“The Good Fight, Hard Lessons From Searchlight to Washington” by Harry Reid, published in 2008 is an autobiography that describes the life of a man who suffered many hardships in his early years and has overcome much adversity.
Born in December 1939, Reid grew up in a limited environment in a small mining town– Searchlight– in Nevada. The area’s economy was based on mining and prostitution, not unlike Washington, D.C.

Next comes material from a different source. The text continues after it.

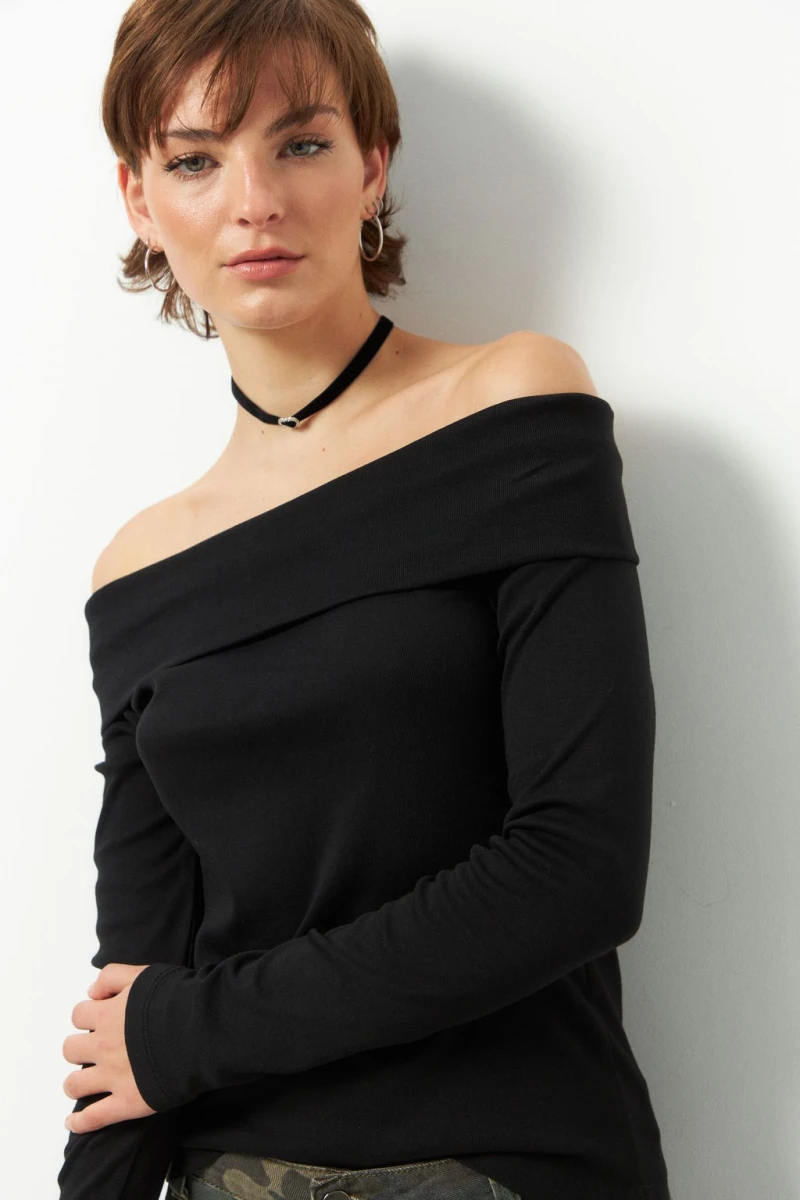 REMERA CORINO Negro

Reid’s father gravitated toward a career (gold mining) suitable for his personality–introverted loner. The author became a lawyer and U.S. senator. One issue that stuck in Reid’s craw was America’s continued involvement in President George W. Bush’s Iraq war which Bush started in 2003. Years later, when Reid was Senate Minority Leader, he visited Secretary of State Donald Rumsfeld to try to convince him that the United States should withdraw troops from Iraq. Rumsfeld blew Reid off and treated the war like a joke.
When Reid and other politicians visited Iraq personally, they realized that the emperor really did have no clothes. General David Petraeus put on a show for them, exhibiting soldiers who were training Iraqis to fight on their own, similar to the way the late President Richard Nixon tried to implement “Vietnamization.”
In early 2006, the author and his fellow Democrats defeated an attempt by Bush to privatize Social Security. “We knew we had won when the White House simply stopped talking about it.”
Read the book to learn of Reid’s adventures as chair of the Nevada Gaming Commission starting in 1977, a few of his interesting law cases, and much more.